Petit, Oscar fréquente l’école franquiste. Il vit à la campagne avec ses parents. A l’époque, il était interdit de parler basque et de manifester ses idées politiques. «J’avais alors 12 ans, les mouvements indépendantistes basques bouillonnaient, se souvient-il. Plus tard, la fin du franquisme m’a permis de connaître l’explosion de la liberté. Aujourd’hui, avec le recul, j’ai l’impression d’avoir vécu une double réalité: ce qu’étaient les choses et ce qu’elles devaient être.»

Voix multiples et dissonantes

Se méfier d’une idée unique sur la vie: voilà ce qu’il retient de ses jeunes années. «Nous sommes faits de voix multiples et souvent dissonantes», avoue l’auteur de «Cerveau cabossé», de «Boucher espagnol», de «Kaïros», d’«Epiphaneïa»… Autant de spectacles qui comportent plusieurs niveaux de lecture. «Dans la vie comme sur scène, il y a toujours ce qu’on voit et ce qui se cache derrière», affirme-t-il.

L’absurde guette parfois dans ses créations, mais le public le suit amusé. Avec sa compagnie l’Alakran, il est allé dans plusieurs pays d’Amérique latine, en Afrique du Nord, en France, en Italie, au Portugal, et en Espagne bien sûr. Il sera à Madrid durant le mois de mai où le Centre international d’Arts vivants, Naves Matadero, lui consacre une rétrospective. Il y donnera aussi un stage et une master class.

Stabilité suisse 

Oscar Gomez Mata rayonne, au propre comme au figuré. Aurait-il eu le même succès s’il était resté dans son pays natal? Il ne sait pas quoi répondre. Tout ce qu’il sait, c’est qu’en Suisse on ne déloge pas un artiste à chaque fois qu’un changement politique advient. «Je suis parti d’Espagne quand j’ai compris que mon travail dépendait des tendances politiques des élus. Vous pouvez plaire à un responsable et déplaire quatre ans après à son successeur, qui ne vous donnera plus votre chance». On ne persévère que dans la stabilité!


Grand Prix suisse de théâtre/Anneau Hans Reinhart 2018, attribué par l’OFCLien externe

Stefan Colombo et Nora Vonder Mühll
Stefan Colombo et Nora Vonder Mühll.
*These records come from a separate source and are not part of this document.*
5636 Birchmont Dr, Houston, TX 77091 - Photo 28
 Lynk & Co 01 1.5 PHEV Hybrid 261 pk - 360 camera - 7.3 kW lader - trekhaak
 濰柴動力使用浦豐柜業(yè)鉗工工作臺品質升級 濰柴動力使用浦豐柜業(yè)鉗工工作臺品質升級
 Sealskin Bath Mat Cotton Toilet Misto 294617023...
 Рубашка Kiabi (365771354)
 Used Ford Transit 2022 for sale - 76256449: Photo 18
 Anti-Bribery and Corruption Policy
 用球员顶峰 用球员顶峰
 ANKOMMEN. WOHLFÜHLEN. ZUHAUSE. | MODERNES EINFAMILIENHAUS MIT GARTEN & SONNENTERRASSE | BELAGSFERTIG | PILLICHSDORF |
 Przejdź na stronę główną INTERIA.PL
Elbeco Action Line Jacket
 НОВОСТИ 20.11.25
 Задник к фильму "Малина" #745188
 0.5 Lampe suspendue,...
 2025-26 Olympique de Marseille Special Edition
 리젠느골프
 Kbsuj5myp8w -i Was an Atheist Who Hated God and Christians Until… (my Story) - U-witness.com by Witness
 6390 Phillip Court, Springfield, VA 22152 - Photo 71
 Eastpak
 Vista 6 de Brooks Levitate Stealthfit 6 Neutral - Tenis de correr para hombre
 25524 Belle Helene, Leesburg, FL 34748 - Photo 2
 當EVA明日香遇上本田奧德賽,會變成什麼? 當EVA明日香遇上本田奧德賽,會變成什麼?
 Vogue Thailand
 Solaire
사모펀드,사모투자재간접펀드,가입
Théâtre Sgaramusch

Il est attribué au Théâtre Sgaramusch de Schaffhouse pour «son engagement dans le domaine du théâtre jeune public». Dirigé depuis 21 ans par deux comédiens Stefan Colombo et Nora Vonder Mühll, il a été créé en 1982. A son actif, plus de 40 productions dont la dernière en date s’intitule «Knapp et famille». Ses créations connaissent un succès international, avec des tournées effectuées jusqu’ici dans 16 pays et sur quatre continents.

Heureux comme les enfants auxquels ils s’adressent, les deux lauréats Nora et Stefan avouent être surpris par le choix du jury. «Nous avons des palpitations et en même temps une sensation de surmenage: pourquoi nous et pas d’autres?», confient-ils humblement. Avant d’ajouter: «Mais par moments, nous sommes tout simplement fiers et heureux d’avoir remporté le Grand Prix».

La fierté vient de la qualité du travail accompli, malgré les doutes que connaît chaque artiste . «Il y a des moments de bonheur et de satisfaction, par exemple lorsqu’un enfant nous dit après le spectacle: ‘tu as bien joué!’; ou lorsque nous sommes sur scène et voyons que les spectateurs sont ravis par notre jeu. Mais cette satisfaction ne dure jamais longtemps», avouent les deux comédiens, qui ne s’endorment jamais sur leurs lauriers.

Les autres lauréats des Prix suisses de théâtre 2018

– Le festival wildwuchs qui se tient à Bâle tous les deux ans.

– Gabi Bernetta qui travaille pour le jeune festival jungspund à Saint-Gall.

– Anne Bisang, metteur en scène romande, actuelle directrice du Théâtre populaire romand (TPR) à la Chaux-de-Fonds.

– Oscar Gomez Mata, metteur en scène et comédien genevois

– Ruedi Häusermann, musicien et metteur en scène qui travaille pour plusieurs scènes alémaniques.

– Le groupe neuchâtelois, Les Petits chanteurs à la Gueule de Bois, reçoit le Prix suisse de la scène pour ses spectacles musicaux.